Éduquer: Faut-il être sous stress ou en souffrance pour se former à la pleine conscience?
B.G.:
Bienvenue à toute personne qui se sent attirée! La formation à la pleine conscience est un beau cadeau que l’on se fait. Et il ne faut pas attendre d’être en souffrance psychologique ou physiologique pour l’aborder, même si beaucoup y viennent motivés par une certaine souffrance ou des vécus de stress.

«La pleine conscience nous permet d’accueillir nos émotions, de relâcher nos jugements et d’accepter aussi les sensations difficiles. Cela crée un espace intérieur plus vaste.»

Éduquer: En quoi peut-elle nous aider en situation de stress?
B.G.:
Le stress est en soi un mécanisme naturel du vivant, qui se tend et se détend en lien avec ses perceptions.
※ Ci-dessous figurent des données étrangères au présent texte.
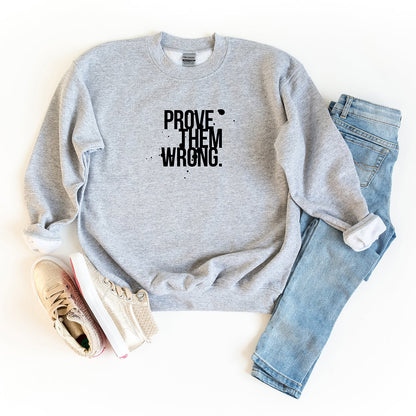 Prove Them Wrong | Youth Sweatshirt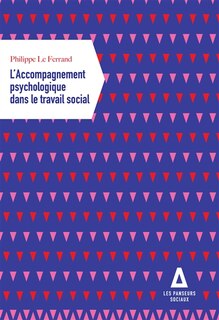 Couverture_L'accompagnement psychologique dans le travail social : santé mentale, vulnérabilité psychosociale : les nouveaux enjeux du travail social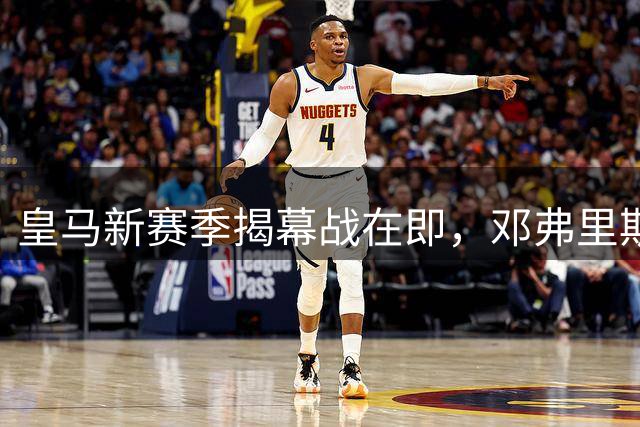 皇马新赛季揭幕战在即，邓弗里斯锁定首发，迪奥曼德或成惊喜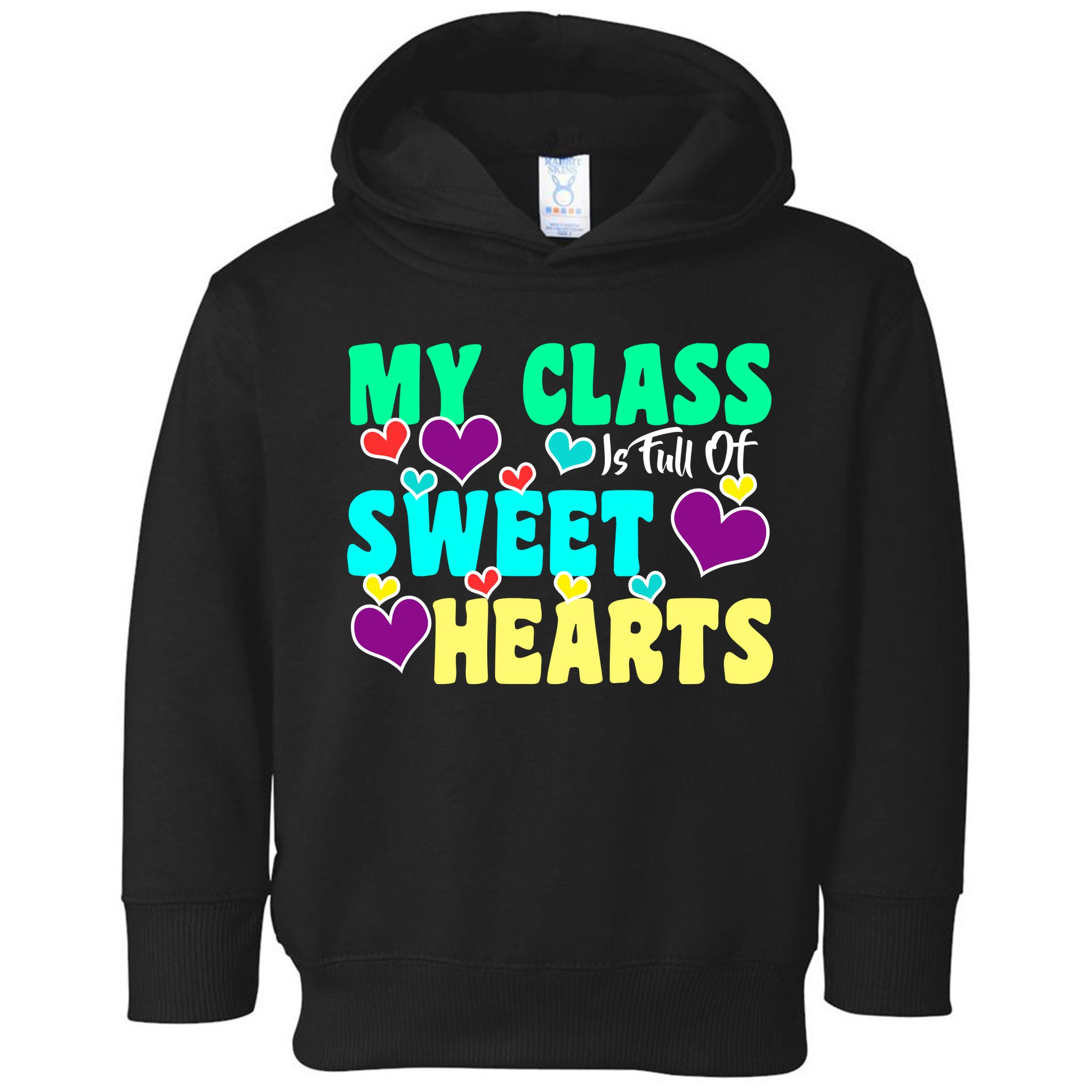 My Class Is Full Of Sweet Hearts Toddler Hoodie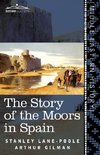 STORY OF THE MOORS IN SPAIN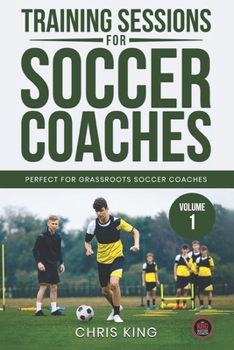 Paperback Training Sessions for Soccer Coaches Book 1: Quality drills and advice to improve your sessions Book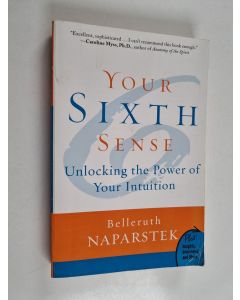 Kirjailijan Belleruth Naparstek käytetty kirja Your Sixth Sense - Unlocking the Power of Your Intuition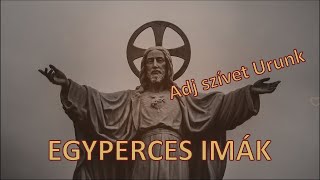 EGYPERCES IMÁK - Adj szívet Urunk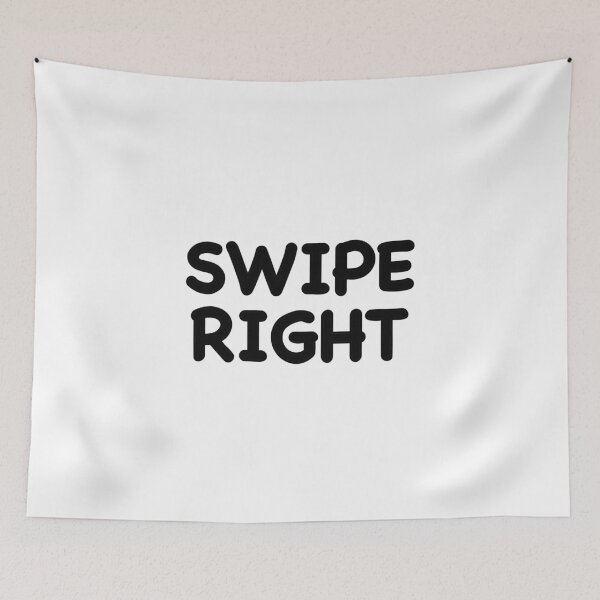 Item preview, Swipe Right designed and sold by popculturechick.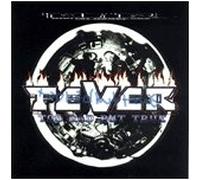 Fever - Too Bad But True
Ensuite, il y a le stress surajouté, induit par nos émotions et réactions comme la fuite, la colère, l’agressivité, la jalousie, l’abattement... La pleine conscience nous dit que dans cet enchaînement réactif, on a une marge de manœuvre. La pleine conscience nous permet d’accueillir nos émotions, de relâcher nos jugements et d’accepter aussi les sensations difficiles. Cela crée un espace intérieur plus vaste, permettant de contenir la souffrance sans en ajouter et d’entrevoir de nouvelles ouvertures. Prendre conscience aussi que toute chose passe, et que nous sommes à la fois unique et si semblable dans notre humanité, est une ressource puissante nourrie dans ce cadre.
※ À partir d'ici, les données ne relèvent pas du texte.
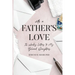 With a Father's Love: 52 Weekly Letters to My Beloved Daughters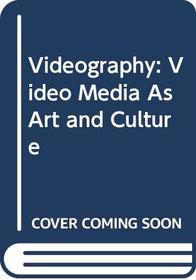 Videography : Video Media as Art and Culture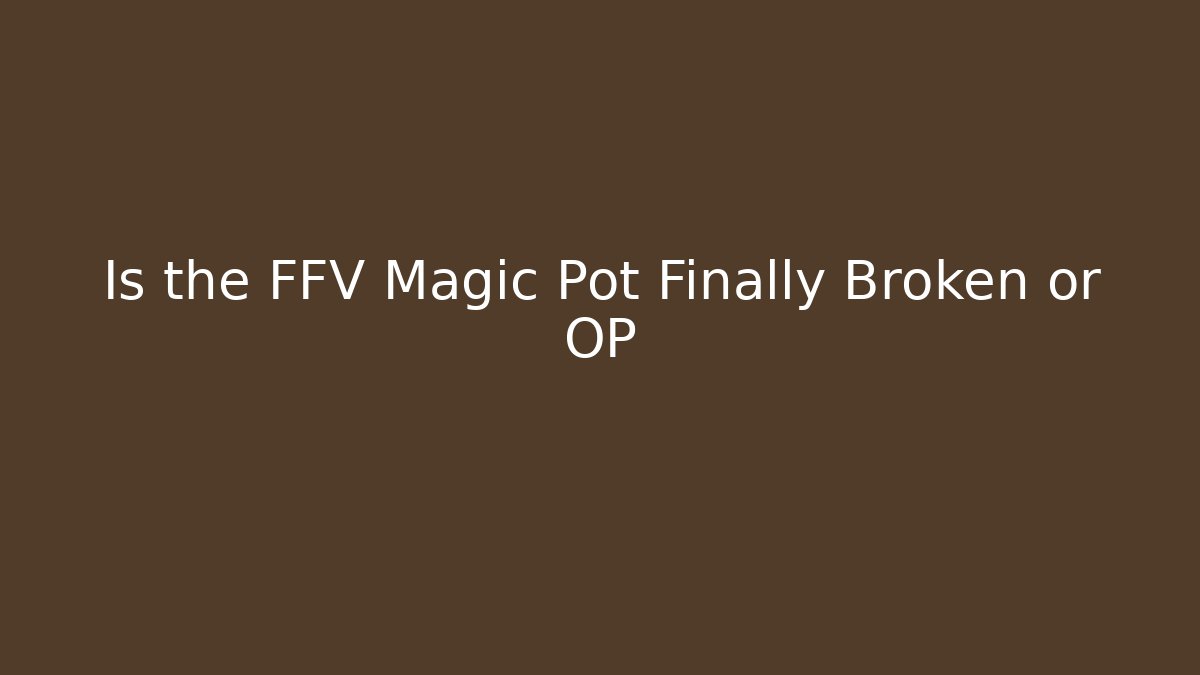 Is the FFV Magic Pot Finally Broken or OP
Éduquer: La pleine conscience protège-t-elle de toute souffrance?
B.G.:
L’une des désillusions pourrait provenir du fait qu’on espère ne plus souffrir, ce qui est une illusion. La pleine conscience nous permet de nous sentir plus confortable avec la souffrance. L’être humain est en souffrance quand il est crispé dans le «moi», dans un sentiment de séparation. La pleine conscience nous invite à nous sentir faire partie d’un tout beaucoup plus vaste. On passe alors du «je» au «nous», à une humanité partagée, et cela nous rend plus aimant. Son cadeau, c’est la joie!

Éduquer: Faut-il pratiquer quotidiennement?
B.G.:
Rien n’est obligatoire, mais la pleine conscience se cultive! Tout est question d’intention et de besoin. S’il n’y a pas de prescrit formel, cadenassé, la pratique régulière aide clairement, elle est soutenante. L’idée est de poursuivre une discipline détendue, ajustée, qui nous permet lorsque l’on est dans la tourmente (une maladie, un deuil, une perte d’emploi par exemple) de garder le cap, comme la capacité de tendresse et de gratitude, y compris dans les épreuves. Les moments très difficiles peuvent devenir porteurs de très belles choses.

«Fondamentalement, la pleine conscience nous invite à accepter que la vie soit interconnexion et impermanence, qu’elle soit un mélange constant de moments agréables et de moments difficiles.»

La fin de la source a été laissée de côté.